Short web captions:
"""
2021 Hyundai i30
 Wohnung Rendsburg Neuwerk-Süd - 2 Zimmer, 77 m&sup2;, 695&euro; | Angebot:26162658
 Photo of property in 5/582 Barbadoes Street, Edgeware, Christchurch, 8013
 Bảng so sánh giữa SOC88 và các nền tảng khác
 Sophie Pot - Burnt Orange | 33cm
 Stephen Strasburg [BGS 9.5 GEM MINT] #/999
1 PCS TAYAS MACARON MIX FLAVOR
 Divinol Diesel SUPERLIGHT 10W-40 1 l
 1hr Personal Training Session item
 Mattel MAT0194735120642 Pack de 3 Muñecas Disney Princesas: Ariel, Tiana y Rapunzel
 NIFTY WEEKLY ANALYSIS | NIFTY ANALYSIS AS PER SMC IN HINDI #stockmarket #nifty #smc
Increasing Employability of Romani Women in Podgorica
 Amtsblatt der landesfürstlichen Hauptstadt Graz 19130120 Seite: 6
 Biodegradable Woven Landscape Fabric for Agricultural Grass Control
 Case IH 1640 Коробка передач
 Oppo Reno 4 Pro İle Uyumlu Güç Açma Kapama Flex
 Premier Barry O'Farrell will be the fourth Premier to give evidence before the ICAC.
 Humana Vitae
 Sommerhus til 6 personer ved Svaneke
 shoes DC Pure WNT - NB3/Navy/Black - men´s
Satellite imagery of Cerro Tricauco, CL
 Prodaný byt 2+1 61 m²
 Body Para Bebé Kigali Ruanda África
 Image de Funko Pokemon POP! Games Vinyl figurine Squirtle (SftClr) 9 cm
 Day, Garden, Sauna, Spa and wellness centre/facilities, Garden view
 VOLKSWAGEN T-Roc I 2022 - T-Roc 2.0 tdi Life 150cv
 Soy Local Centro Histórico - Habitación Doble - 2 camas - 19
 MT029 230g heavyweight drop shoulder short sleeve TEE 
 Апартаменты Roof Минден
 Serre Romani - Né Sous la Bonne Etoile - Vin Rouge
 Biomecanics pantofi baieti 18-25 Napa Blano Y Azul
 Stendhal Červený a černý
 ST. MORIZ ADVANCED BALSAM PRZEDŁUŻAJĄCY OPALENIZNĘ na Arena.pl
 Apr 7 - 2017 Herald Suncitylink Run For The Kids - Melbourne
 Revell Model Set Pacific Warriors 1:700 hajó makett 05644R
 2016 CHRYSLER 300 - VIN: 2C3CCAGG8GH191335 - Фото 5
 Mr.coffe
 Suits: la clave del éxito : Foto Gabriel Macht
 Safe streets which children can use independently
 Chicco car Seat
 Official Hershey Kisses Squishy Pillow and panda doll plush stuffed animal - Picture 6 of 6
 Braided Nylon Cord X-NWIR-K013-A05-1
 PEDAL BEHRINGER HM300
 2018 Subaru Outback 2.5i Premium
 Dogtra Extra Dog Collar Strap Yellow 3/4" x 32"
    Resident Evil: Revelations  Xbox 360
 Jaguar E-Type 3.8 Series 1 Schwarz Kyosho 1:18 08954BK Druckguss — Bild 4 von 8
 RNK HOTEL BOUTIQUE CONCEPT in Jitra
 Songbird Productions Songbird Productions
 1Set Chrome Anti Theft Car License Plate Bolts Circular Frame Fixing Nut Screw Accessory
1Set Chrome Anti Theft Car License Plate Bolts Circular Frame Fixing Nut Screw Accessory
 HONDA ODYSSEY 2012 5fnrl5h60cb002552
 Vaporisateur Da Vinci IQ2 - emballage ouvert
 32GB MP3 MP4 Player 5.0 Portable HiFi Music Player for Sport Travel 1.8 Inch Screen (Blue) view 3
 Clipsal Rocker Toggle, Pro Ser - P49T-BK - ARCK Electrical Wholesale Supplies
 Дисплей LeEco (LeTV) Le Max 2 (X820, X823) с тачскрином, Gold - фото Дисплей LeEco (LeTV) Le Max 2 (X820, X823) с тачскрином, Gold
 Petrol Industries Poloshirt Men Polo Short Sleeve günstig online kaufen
"""
Going from the line that has "RNK HOTEL BOUTIQUE CONCEPT in Jitra" through the last line of the entries, retype each line exactly as given and add nothing.

 RNK HOTEL BOUTIQUE CONCEPT in Jitra
 Songbird Productions Songbird Productions
 1Set Chrome Anti Theft Car License Plate Bolts Circular Frame Fixing Nut Screw Accessory
1Set Chrome Anti Theft Car License Plate Bolts Circular Frame Fixing Nut Screw Accessory
 HONDA ODYSSEY 2012 5fnrl5h60cb002552
 Vaporisateur Da Vinci IQ2 - emballage ouvert
 32GB MP3 MP4 Player 5.0 Portable HiFi Music Player for Sport Travel 1.8 Inch Screen (Blue) view 3
 Clipsal Rocker Toggle, Pro Ser - P49T-BK - ARCK Electrical Wholesale Supplies
 Дисплей LeEco (LeTV) Le Max 2 (X820, X823) с тачскрином, Gold - фото Дисплей LeEco (LeTV) Le Max 2 (X820, X823) с тачскрином, Gold
 Petrol Industries Poloshirt Men Polo Short Sleeve günstig online kaufen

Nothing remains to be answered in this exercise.